Pictures must not appear; the answer is exactly the lines from the one that holds "Cable Equation Derivation YouTube" through the end of the material.
---------- SOURCE DATA
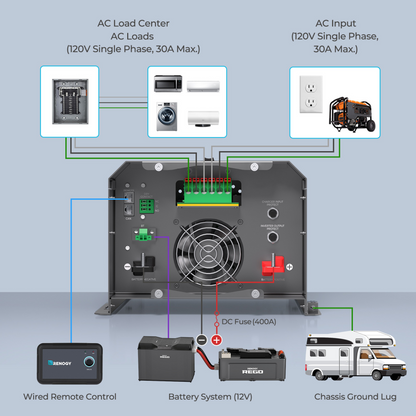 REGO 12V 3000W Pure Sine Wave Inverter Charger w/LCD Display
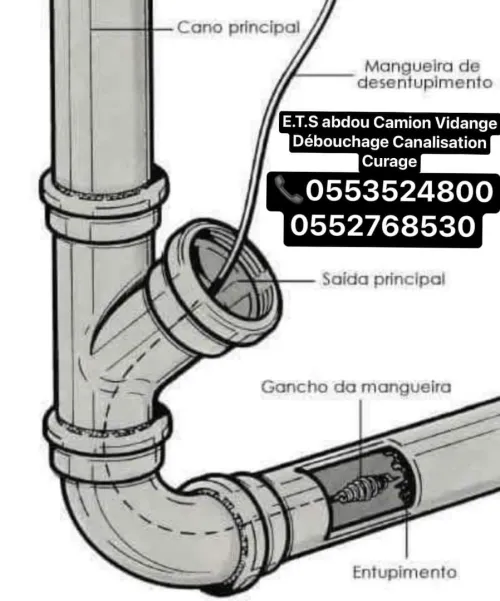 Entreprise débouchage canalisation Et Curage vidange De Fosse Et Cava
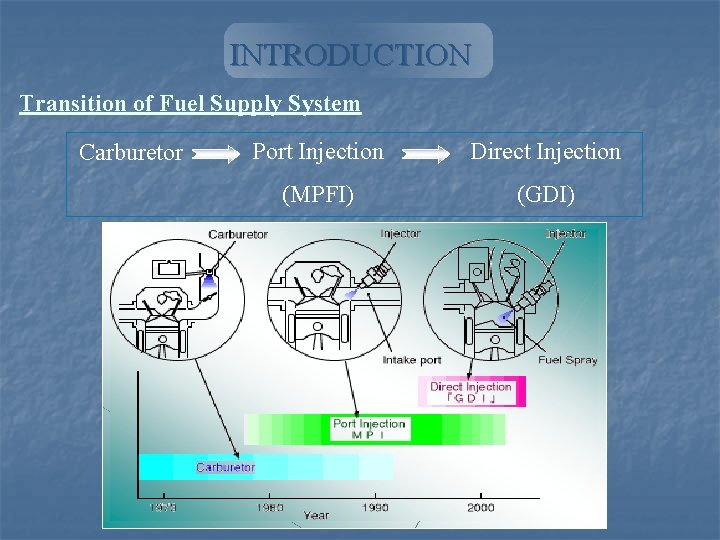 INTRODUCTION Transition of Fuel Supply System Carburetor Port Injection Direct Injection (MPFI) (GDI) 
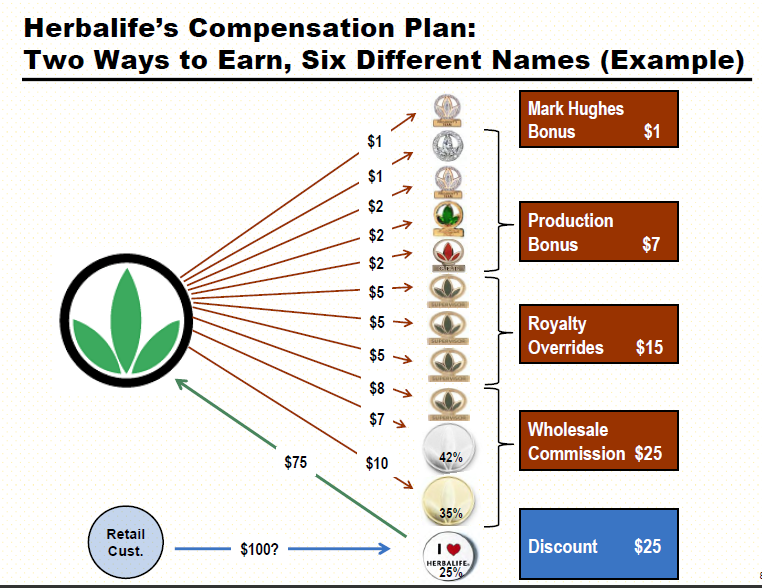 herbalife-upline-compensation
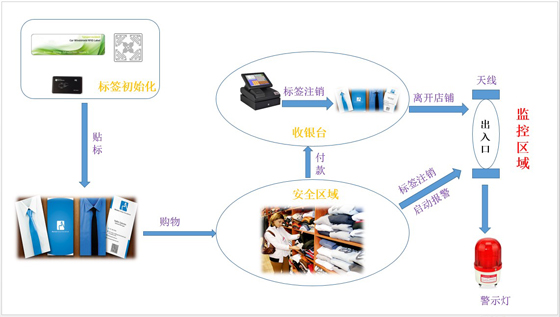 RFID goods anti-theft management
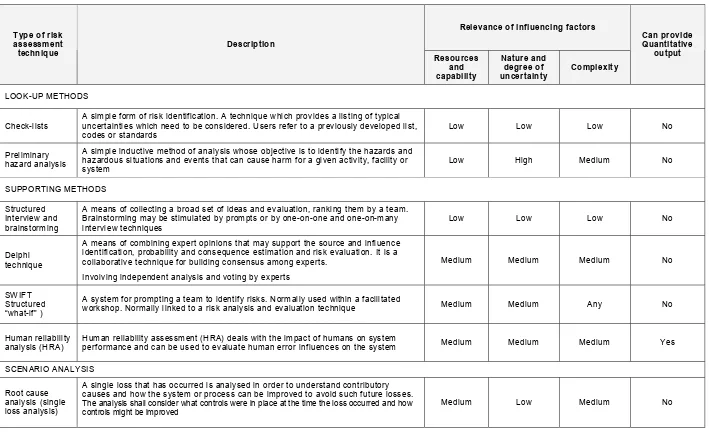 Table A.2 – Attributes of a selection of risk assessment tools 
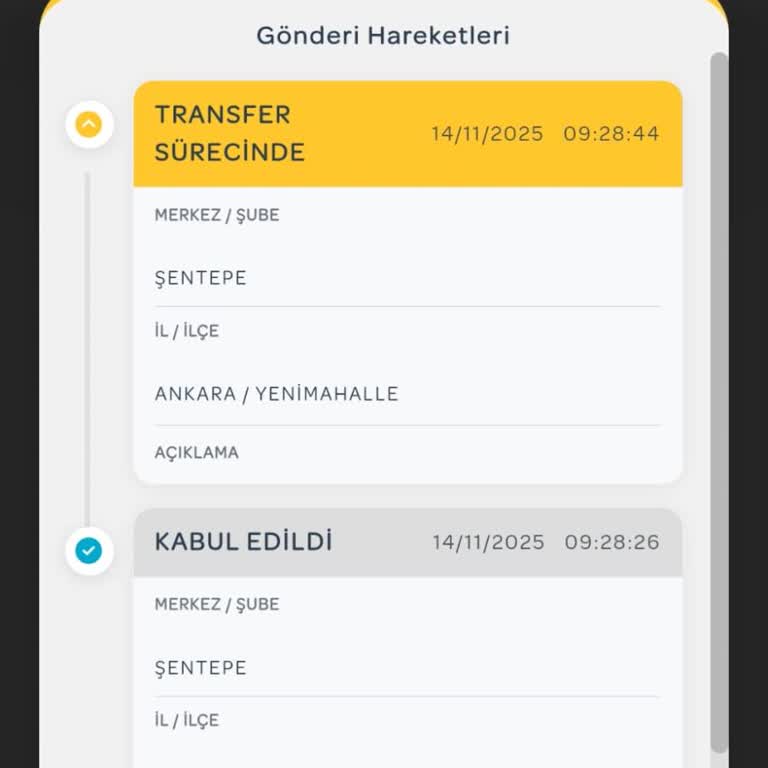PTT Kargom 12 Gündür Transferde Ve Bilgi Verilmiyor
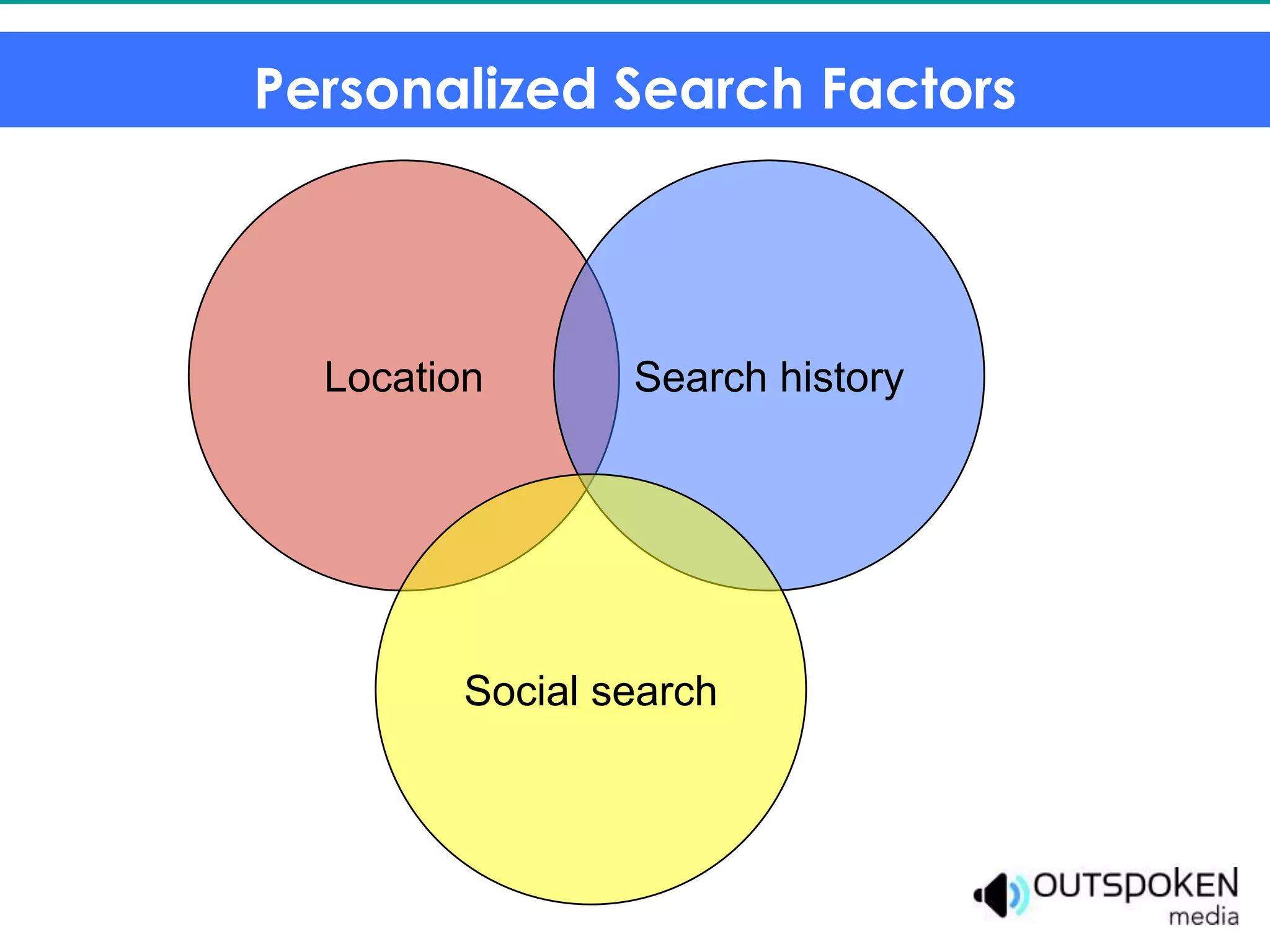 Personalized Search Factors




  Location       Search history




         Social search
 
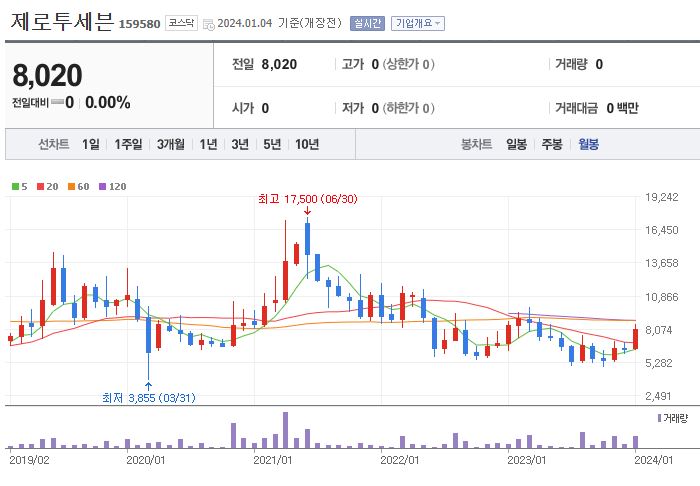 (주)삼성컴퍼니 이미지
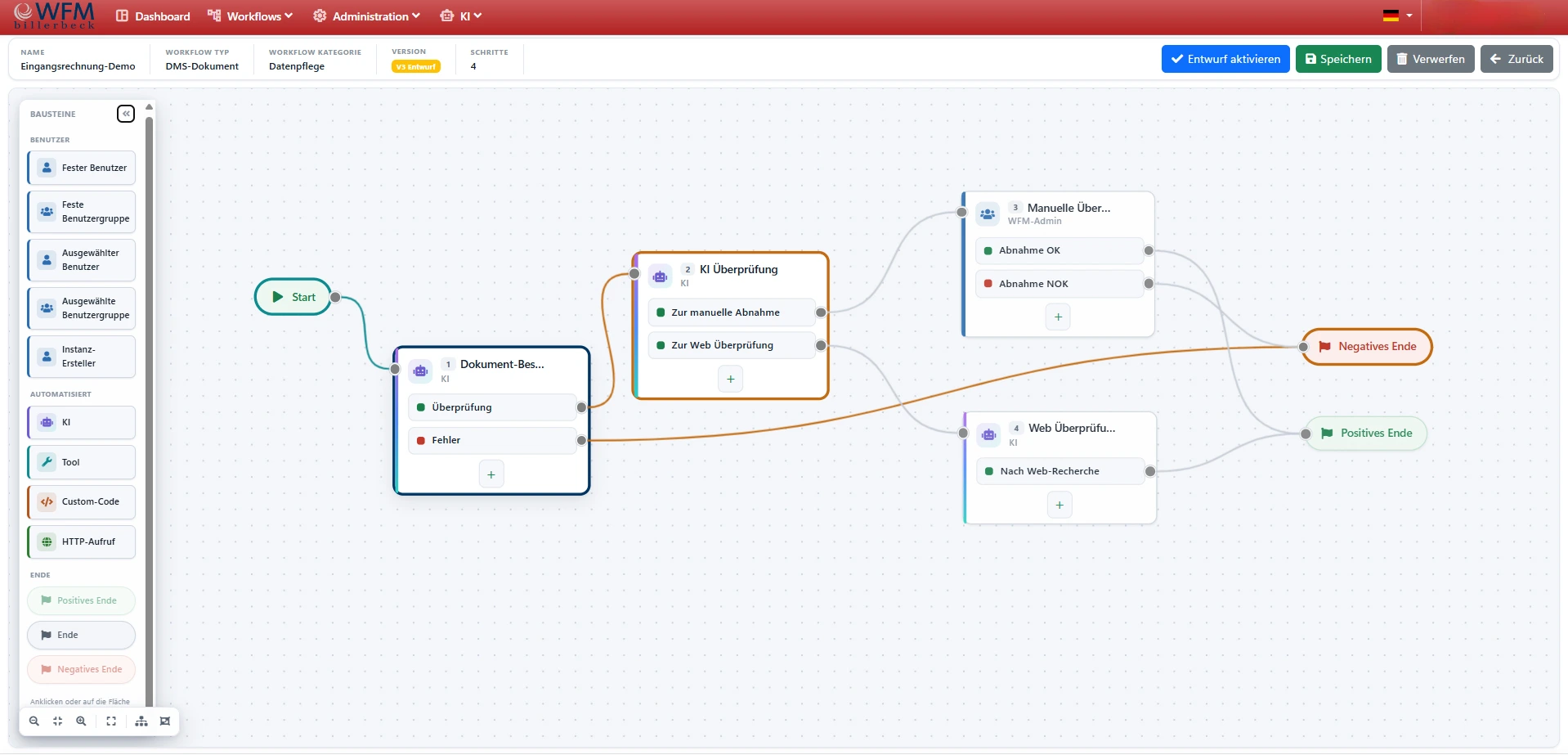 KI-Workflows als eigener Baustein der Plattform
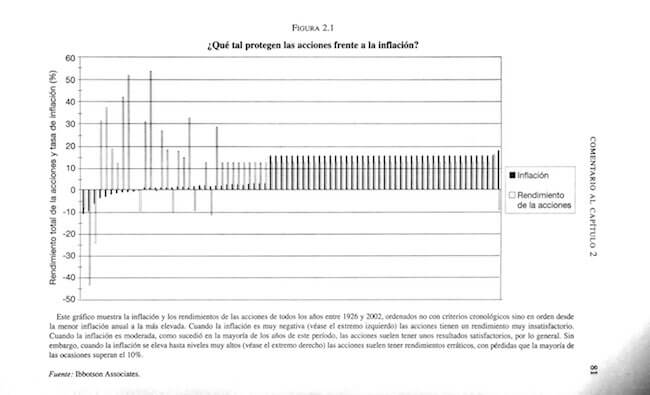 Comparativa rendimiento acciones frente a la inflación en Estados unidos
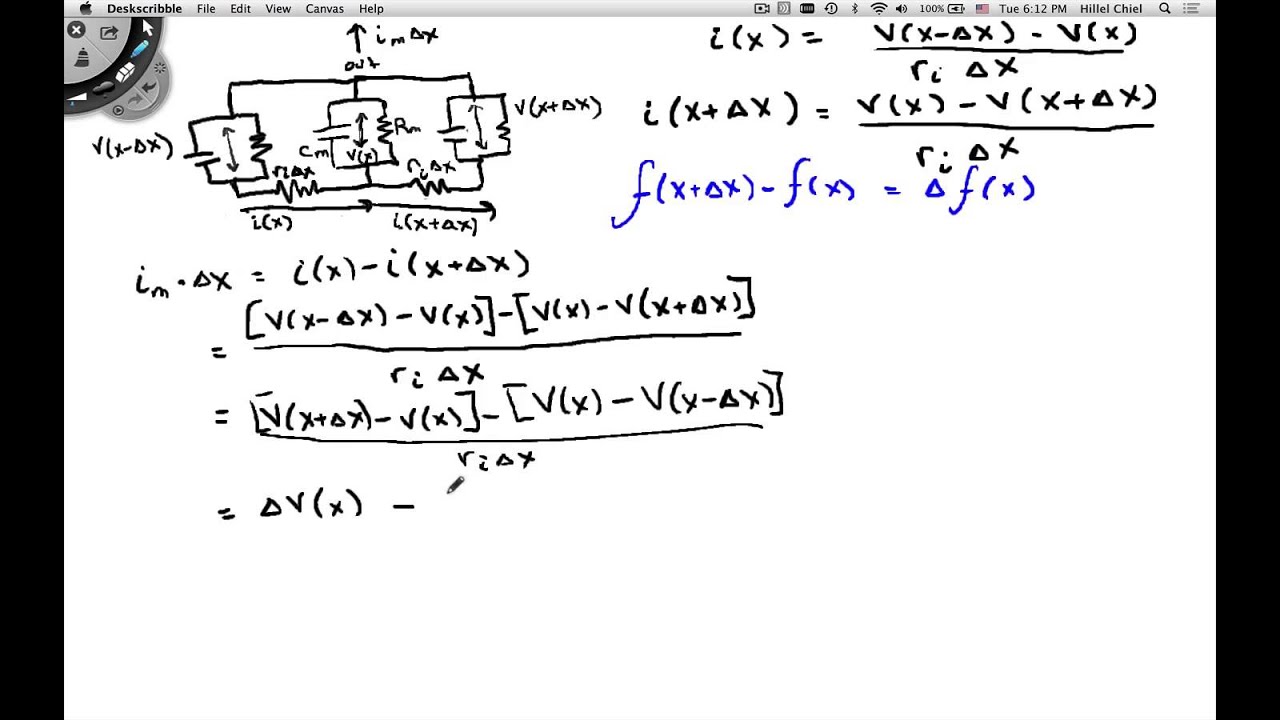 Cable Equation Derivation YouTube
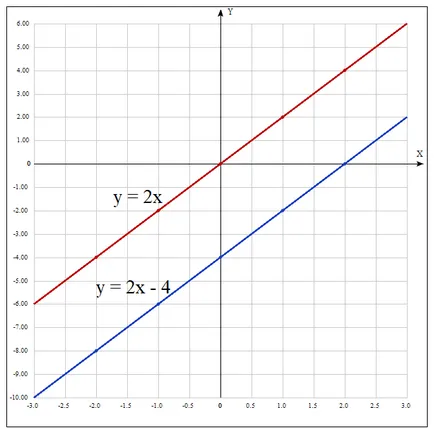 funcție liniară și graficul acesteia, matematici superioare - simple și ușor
--------------------
[PROBLEM SOLUTION]
 Cable Equation Derivation YouTube
 funcție liniară și graficul acesteia, matematici superioare - simple și ușor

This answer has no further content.